Da ich das so gewöhnt bin, würde ich das genauso handhaben. Also selbst wenn mein Kind in der Kita kein Schweinefleisch serviert bekommt, würde mich das nicht stören. Im Bedarfsfall kann ich ja am Abend beim Essen Schweinefleisch servieren. Ich verstehe die Aufregung überhaupt nicht. Ist das Essen in der Kita die einzige Mahlzeit oder was?
Viele Eltern denken wahrscheinlich zu verbohrt und denken, dass Schweinefleisch zur deutschen Tradition dazugehört, eben wie das Schnitzel mit Pommes. Dass ein Kalbsschnitzel aber genauso gut schmecken kann, das sehen viele Menschen nicht. Und wenn es um muslimische Kinder geht, dann blocken viele Eltern sowieso komplett und wenn es kein Schweinefleisch gibt, wird es gleich als Machenschaft der abendländischen Einnahme von Deutschland abgetan.
Ich esse selbst kein Schweinefleisch. Aber das ist bei mir eine persönliche Einstellung, ich stehe einfach nicht drauf. Daher begrüße ich es schon, wenn es in diversen Einrichtungen kein Schweinefleisch mehr geben würde. Auch für Kinder. Man muss ja nicht auf vegetarische Ernährung umswitchen, man kann den Fleischkonsum ja reduzieren, wenn man auf Hühnchen oder Kalb zurückgreifen muss, weil diese beiden Fleischsorten ja schon recht teuer sind.

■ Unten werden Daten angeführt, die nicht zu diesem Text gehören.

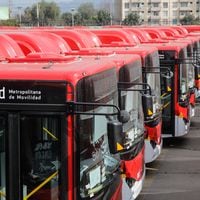 DTPM mantiene tratativas para evitar movilización de conductores de buses RED el primer lunes de marzo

Ich würde einfach kein großes Tamtam darum machen und gesundheitliche sowie Umweltschutz-Gründe vorschieben, weswegen es bei mir in der Einrichtung (vorausgesetzt, ich hätte schlicht und einfach das Sagen, ohne mich mit Behörden und dergleichen herumschlagen zu müssen) generell weniger Fleisch gibt, und wenn, dann eher Geflügel, bevorzugt aus halbwegs tiergerechter Haltung. Milchprodukte und Eier gäbe es natürlich weiterhin, man muss ja nicht gleich auf einen veganen Feldzug gehen.
Es stimmt schon, dass Schweinefleisch beliebt und billig ist, aber das alleine ist ja kein Argument, wieso man es unbedingt essen muss. Ich halte es auch für naiv zu glauben, dass man diese Billigschnitzel einfach so eins zu eins durch Kalb- oder Rinderprodukte zu ersetzen, die ja erheblich teurer sind, wenn man damit eine ganze Einrichtung abfüttern muss. Aber heutzutage gilt ja auch vegetarisch als schick und ungesund ist es bestimmt nicht, wenn man den Kindern dann nicht gerade Grießbrei mit Dosenobst vorsetzt.
Nur würde ich mich eben nicht hinstellen, mit dem Finger auf die 50 oder noch mehr Prozent Moslems zeigen und lauthals verkünden: "Hier, die nehmen euch eure supertollen 30-Cent-Schnitzel mit Pommes weg, das ist ganz allein die Schuld der islamistischen Unterwanderung unserer guten, deutschen Kultur!"
Merkwürdigerweise meckert niemand, wenn es in Kindertagesstätten und Seniorenwohnheimen christlicher Prägung kein Schweinefleisch gibt. Wenn Christen die alttestamentarischen Speisegebote einhalten, dann ist das kein Problem. Ich habe jedenfalls noch nicht mitbekommen, dass das Abendland untergeht, weil Einrichtungen der Adventisten und anderer christlichen Strömungen kein Schweinefleisch servieren. Aber wenn zwei das Gleiche tun, ist es eben in bestimmten Fällen nie dasselbe.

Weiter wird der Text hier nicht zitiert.